Irrité par la redondance dans la présente campagne électorale, après 13 jours, le préfet Paradis estime qu’il est grand temps que les candidats se préoccupent des vrais dossiers, ceux qui sont sur la table de la MRC depuis quatre ans et qui visent directement les citoyens et qui n’avancent pas.
« Les grands engagements jusqu’à maintenant sont tous des dossiers connus, le CMT, la voie de contournement, etc.
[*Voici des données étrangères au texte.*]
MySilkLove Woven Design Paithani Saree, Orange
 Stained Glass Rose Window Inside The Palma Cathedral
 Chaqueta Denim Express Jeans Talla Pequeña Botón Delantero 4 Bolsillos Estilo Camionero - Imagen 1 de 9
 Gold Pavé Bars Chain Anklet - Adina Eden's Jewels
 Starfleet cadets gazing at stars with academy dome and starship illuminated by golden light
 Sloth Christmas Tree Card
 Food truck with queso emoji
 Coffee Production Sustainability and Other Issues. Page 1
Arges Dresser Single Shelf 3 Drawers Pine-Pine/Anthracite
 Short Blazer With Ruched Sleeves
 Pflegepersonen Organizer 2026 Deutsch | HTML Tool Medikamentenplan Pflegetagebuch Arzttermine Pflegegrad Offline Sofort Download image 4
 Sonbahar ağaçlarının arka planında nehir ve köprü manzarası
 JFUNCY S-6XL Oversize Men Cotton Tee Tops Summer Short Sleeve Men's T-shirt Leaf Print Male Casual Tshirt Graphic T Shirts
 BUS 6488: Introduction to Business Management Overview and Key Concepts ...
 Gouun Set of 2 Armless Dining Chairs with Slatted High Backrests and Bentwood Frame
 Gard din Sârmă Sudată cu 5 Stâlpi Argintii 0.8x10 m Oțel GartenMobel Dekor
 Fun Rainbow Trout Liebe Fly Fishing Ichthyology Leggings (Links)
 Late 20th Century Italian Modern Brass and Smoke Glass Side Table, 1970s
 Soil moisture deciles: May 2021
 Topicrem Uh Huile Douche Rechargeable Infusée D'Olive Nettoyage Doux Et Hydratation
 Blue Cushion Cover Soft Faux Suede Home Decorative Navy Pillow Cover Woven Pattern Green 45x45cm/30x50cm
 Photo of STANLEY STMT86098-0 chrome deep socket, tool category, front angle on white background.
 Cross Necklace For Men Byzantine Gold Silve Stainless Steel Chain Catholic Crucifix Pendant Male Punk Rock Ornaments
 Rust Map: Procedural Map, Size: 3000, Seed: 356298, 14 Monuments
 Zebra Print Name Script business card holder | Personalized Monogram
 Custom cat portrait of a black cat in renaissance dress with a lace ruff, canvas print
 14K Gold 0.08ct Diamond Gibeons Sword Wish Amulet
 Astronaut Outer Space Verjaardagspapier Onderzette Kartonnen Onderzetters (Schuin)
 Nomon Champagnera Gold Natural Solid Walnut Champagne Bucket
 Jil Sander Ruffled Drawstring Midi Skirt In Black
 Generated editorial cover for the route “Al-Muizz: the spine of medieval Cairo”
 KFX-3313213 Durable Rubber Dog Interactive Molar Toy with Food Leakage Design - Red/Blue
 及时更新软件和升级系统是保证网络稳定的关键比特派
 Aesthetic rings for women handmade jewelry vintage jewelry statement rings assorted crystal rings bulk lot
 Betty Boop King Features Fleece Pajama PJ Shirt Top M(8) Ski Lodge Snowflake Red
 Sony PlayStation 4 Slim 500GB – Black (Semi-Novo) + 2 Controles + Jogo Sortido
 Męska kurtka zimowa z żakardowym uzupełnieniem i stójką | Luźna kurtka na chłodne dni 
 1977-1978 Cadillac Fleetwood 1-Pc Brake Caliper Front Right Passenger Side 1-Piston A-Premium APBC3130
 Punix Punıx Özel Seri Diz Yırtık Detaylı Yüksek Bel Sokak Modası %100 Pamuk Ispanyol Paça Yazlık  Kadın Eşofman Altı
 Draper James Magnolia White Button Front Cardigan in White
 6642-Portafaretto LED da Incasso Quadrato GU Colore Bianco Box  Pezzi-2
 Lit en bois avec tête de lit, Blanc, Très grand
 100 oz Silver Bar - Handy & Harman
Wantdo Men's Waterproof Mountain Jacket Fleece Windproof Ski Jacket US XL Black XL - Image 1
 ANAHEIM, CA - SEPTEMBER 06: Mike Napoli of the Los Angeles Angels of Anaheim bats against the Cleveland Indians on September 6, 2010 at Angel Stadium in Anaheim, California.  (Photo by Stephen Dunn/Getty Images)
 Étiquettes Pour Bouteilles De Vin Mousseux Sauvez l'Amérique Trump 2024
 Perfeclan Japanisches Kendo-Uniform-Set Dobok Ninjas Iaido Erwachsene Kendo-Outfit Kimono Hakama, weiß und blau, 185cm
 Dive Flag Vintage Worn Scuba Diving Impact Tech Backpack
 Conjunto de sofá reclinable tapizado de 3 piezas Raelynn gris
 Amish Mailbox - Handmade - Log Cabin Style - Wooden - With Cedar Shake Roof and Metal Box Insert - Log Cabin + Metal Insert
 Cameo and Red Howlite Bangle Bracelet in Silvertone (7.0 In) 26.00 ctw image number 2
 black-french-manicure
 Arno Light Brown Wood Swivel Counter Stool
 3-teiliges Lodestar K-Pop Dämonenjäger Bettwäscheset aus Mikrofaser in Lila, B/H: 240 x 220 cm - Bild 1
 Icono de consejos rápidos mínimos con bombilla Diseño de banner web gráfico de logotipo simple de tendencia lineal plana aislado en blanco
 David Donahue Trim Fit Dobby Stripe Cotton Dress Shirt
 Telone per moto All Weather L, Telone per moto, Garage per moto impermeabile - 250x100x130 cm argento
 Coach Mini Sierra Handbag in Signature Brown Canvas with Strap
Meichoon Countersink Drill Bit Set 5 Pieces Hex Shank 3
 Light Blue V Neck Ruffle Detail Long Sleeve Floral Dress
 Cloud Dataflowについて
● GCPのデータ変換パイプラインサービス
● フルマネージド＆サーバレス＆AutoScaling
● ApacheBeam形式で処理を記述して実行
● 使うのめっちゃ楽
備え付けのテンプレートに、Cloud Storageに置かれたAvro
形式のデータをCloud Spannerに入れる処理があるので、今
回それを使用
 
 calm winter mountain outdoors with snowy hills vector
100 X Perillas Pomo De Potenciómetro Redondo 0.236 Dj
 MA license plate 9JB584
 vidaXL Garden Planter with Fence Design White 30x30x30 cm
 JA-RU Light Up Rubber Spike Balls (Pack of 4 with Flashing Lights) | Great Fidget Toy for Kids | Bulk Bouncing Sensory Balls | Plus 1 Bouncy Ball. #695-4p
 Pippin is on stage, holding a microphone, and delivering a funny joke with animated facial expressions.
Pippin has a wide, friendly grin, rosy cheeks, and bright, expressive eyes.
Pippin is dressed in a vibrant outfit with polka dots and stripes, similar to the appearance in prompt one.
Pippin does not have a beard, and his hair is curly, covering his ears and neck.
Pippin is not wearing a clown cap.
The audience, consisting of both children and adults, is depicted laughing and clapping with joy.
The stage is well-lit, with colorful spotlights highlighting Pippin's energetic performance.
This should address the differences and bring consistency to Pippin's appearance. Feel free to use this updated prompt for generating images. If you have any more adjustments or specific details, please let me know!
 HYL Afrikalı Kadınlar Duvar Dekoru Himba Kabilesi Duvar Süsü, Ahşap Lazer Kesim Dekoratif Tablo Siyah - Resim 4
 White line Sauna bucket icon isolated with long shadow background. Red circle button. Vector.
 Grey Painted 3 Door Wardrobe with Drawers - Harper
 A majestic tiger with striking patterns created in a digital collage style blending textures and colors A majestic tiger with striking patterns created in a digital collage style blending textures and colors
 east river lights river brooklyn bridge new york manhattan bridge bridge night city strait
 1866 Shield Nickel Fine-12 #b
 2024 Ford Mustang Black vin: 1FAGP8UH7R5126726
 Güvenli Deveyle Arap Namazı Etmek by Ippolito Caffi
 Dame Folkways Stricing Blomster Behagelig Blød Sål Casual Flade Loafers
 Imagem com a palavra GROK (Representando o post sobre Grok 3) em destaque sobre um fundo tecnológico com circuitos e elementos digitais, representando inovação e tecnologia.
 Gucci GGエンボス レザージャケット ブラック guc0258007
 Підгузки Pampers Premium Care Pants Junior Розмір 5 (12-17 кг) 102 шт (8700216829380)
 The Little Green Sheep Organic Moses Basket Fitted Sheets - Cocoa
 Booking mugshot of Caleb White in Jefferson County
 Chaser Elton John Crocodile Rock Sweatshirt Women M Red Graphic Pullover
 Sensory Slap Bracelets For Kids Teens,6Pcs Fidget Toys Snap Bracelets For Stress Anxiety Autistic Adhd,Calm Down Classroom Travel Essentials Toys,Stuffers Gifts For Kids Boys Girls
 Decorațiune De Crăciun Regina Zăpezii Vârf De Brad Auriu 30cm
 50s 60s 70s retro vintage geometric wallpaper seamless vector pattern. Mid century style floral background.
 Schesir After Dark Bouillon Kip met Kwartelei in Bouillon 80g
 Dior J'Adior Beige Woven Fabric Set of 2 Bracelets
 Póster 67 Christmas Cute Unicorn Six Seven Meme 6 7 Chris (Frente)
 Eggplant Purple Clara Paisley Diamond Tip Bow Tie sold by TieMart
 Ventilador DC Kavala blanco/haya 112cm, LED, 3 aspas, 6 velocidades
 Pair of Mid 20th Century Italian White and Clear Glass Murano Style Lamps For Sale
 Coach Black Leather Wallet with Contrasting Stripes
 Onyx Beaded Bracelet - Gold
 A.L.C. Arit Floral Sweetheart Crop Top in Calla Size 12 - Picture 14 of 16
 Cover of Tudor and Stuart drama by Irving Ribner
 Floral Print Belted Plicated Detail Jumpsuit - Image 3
On veut parler des vrais dossiers », insiste le préfet.
Lors d’une rencontre à son bureau de la MRC Lac-St-Jean-Est, André Paradis a fait part que depuis plusieurs semaines, les maires discutent entre eux de politique et de grands dossiers.
« Encore samedi, on (les maires) soupait à l’Ascension ensemble dans le cadre de leur festival et le sujet est venu sur la table. Je mets une rondelle en jeu et on verra », lance André Paradis.
Il affirme que ce qu’il dit tout haut, c’est ce qu’il entend depuis plusieurs semaines de la part des autres maires et des gens en général.
Invité à souligner quelques dossiers qui devraient faire partie des préoccupations des candidats, André Paradis parle notamment de celui de la motoneige et des droits de passage. C’est la MRC qui a pris le leadership dans ce dossier pour trouver une solution et on est toujours dans l’attente d’une décision du gouvernement. Pourtant, la motoneige rapporte des retombées économiques majeures pour la MRC et il faut s’en occuper.
« Après 13 jours de campagne, on doit discuter des vrais problèmes d’ici », - — André Paradis, préfet de la MRC Lac-St-Jean-Est et président de la CRÉ
« Il y a aussi toute la question de nos aînés et des résidences et services que l’on doit leur donner dans nos municipalités. Les cas de Labrecque et Ste-Monique sont particulièrement criants. Et que dire des multiples responsabilités que le gouvernement transfère aux municipalités sans pour autant y adjoindre les budgets. Également, comment se fait-il que dans nos dossiers, on se fait toujours dire non », question haut et fort André Paradis.
Ce dernier souligne que son intervention à ce stade-ci de la campagne vise avant tout à ramener le débat sur les enjeux locaux au lieu des enjeux nationaux et forcer les candidats à se compromettre sur les véritables enjeux pour les simples citoyens.
« Le premier vrai débat, ce ne sera que le 28 août prochain, devant la Chambre de commerce et on vote le 4 septembre. Après 13 jours de campagne, on doit discuter des vrais problèmes d’ici », réaffirme le coloré maire de St-Henri-de-Taillon, reconnu pour son style direct et son franc parlé.
André Paradis souhaite que sa sortie publique suscite des réactions et des prises de position de la part des candidats. Il est parfaitement conscient qu’il force la note dans cette campagne, mais estime qu’à titre de préfet, le maire des maires, qu’il lui appartient de le faire et de ramener le débat sur les vrais enjeux associés à chacune des municipalités qui composent la MRC.